Rosenfeld, Meyer & Susman (1996) 47 Cal.App.4th 777, 784 [defendants’ pre-
9
litigation communications to other private citizens preparatory to filing a
complaint to Attorney General seeking an investigation was protected speech
“made in connection with an official proceeding authorized by law”]; Mindys
Cosmetics, Inc. v. Dakar (9th Cir. 2010) 611 F.3d 590, 596 [because
defendant’s “filing of a trademark application [was] a formal communication
to the [United States Patent and Trademark Office] seeking official action in
a process governed by statute . . . , the application [was] protected by the
anti-SLAPP statute as a ‘writing made before . . . [an] executive [or] . . . other
official proceeding authorized by law’ ” under subd. (e)(1) of section 425.16].)
In all of the cited cases, the protected statements were made in
anticipation of, or during an official proceeding or were related to matters
actively under consideration by a governmental body. (See § 425.16, subd.

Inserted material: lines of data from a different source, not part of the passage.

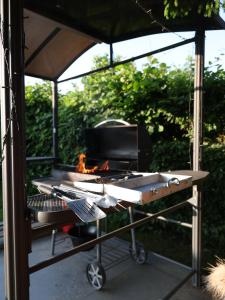 Tiny House Valea Avrigului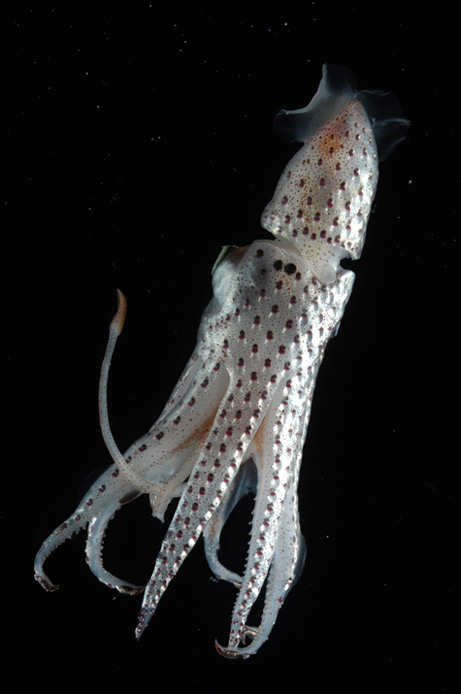 Awesome Deep Sea Creatures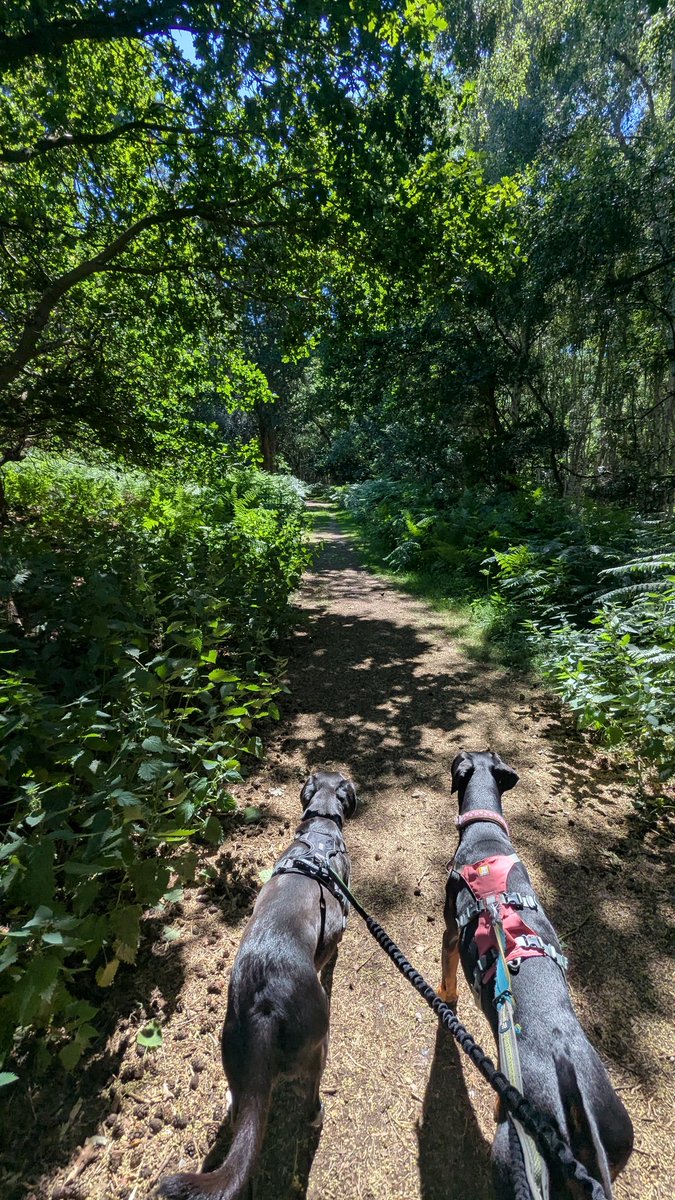NotBadForHerAge's tweet photo. A warm 10 miles in woodland today with an ice cream at the end. The campervan has a shower but I needed a strong blast of hot water to remove all the dust, so I used the campsite showers - only trouble is the button to start the shower is outside the cubicle 😆🫣 #rendlesham https://t.co/LeKZwDXQQm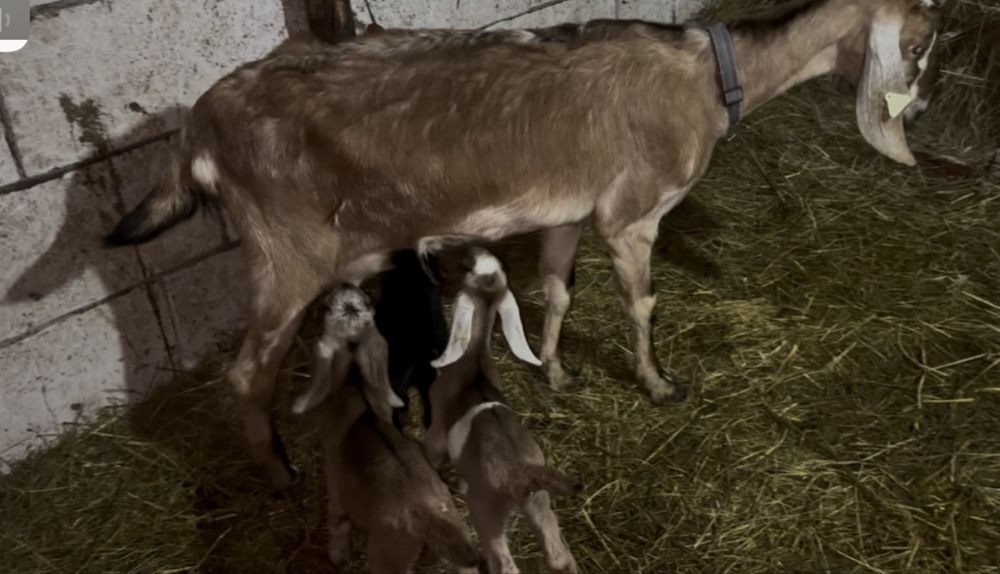 iezi anglonubian rasa pura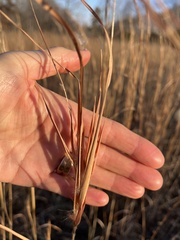 Andropogon gyrans
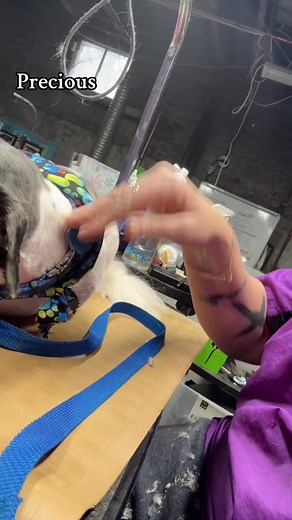 I love Precious and I think she loves me. | Becky Isenberg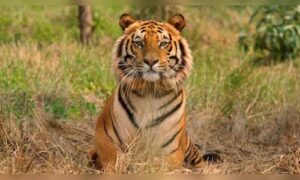 Sariska to Launch Multilingual Audio Guides and Digital Wildlife Experiences for Visitors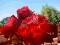 RÓŻA ANGIELSKA CZERWONA SILNIE PACHNĄCA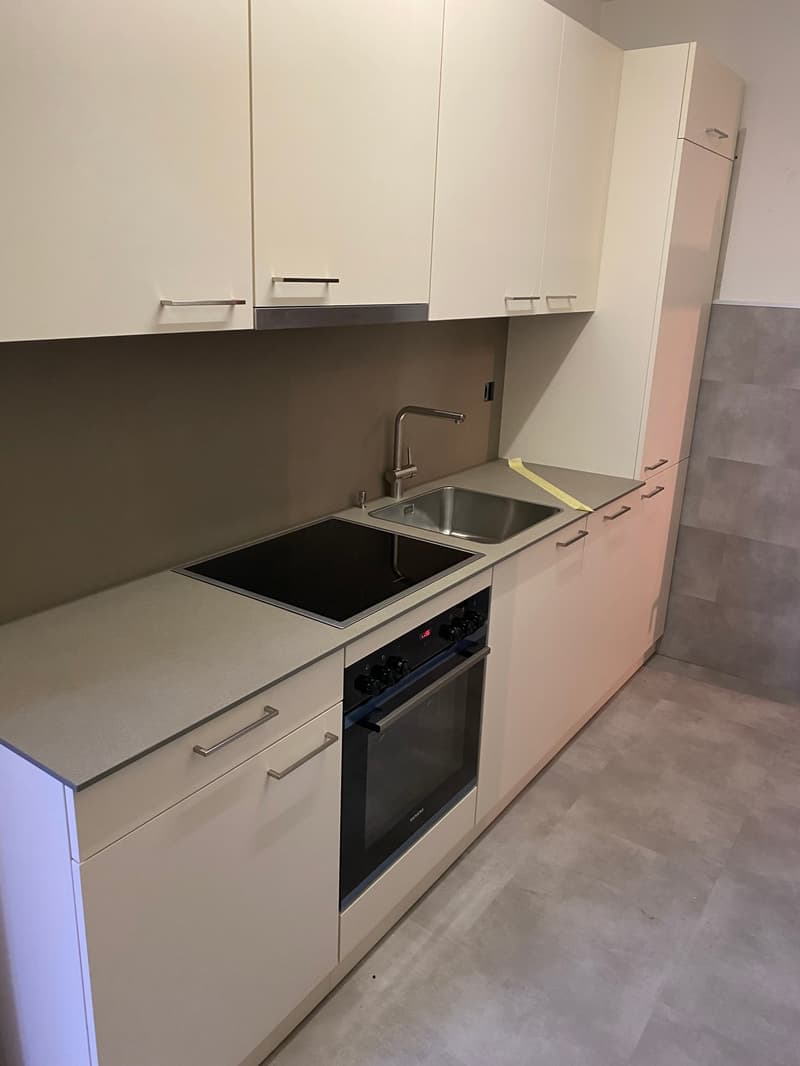 modern kitchen, white cabinets, silver appliances, induction cooktop, built-in oven, dishwasher, sink, faucet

(e)(1)-(2).) Here, on the other hand, defendants were merely attempting to
gather information for their annual report to the CDC regarding their ART
program when they sent the email to plaintiff’s work group. The statements
in the email were not protected speech related to any official proceeding,
either anticipated or in progress, for purposes of section 425.16, subdivision
(e)(1). (See A.F. Brown Electrical Contractor, Inc. v. Rhino Electric Supply,
Inc., supra, 137 Cal.App.4th at p. 1129.) Nor was there any issue “presently
‘under consideration or review’ ” by a governmental body that related to the
statements in the email, for purposes of section 425.16, subdivision (e)(2).
(Rand, supra, 6 Cal.5th at p. 627.)
In short, defendants have not satisfied their initial burden of
demonstrating that plaintiff’s lawsuit was brought primarily to chill their
“valid exercise of the constitutional rights of freedom of speech and petition
10
for the redress of grievances.” (§ 425.16, subd. (a).) The trial court’s order
denying defendants’ anti-SLAPP motion must therefore be affirmed.3
DISPOSITION
The order denying defendants’ special motion to strike plaintiff’s first
amended complaint is affirmed. Costs on appeal are awarded to plaintiff.
3
Having found that the court properly denied defendants’ anti-SLAPP
motion on the grounds discussed in this opinion, we need not address the
court’s second basis for denying the motion: that plaintiff’s lawsuit arose
from the harm caused by defendants’ allegedly unlawful disclosure of
plaintiff’s private medical information to her work colleagues, rather than
from any alleged impropriety in the contents of the email. (See, e.g., City of
Cotati v. Cashman (2002) 29 Cal.4th 69, 78 [“the statutory phrase ‘cause of
action . . . arising from’ ” in subd. (b)(1) of § 426.16 “means simply that the
defendant’s act underlying the plaintiff’s cause of action must itself have been
an act in furtherance of the right of petition or free speech”].)
11
_________________________
KLINE, P.J.
WE CONCUR:
_________________________
RICHMAN, J.
_________________________
STEWART, J.
Doe v. Lane Fertility Institute For Education and Research, Inc., et al.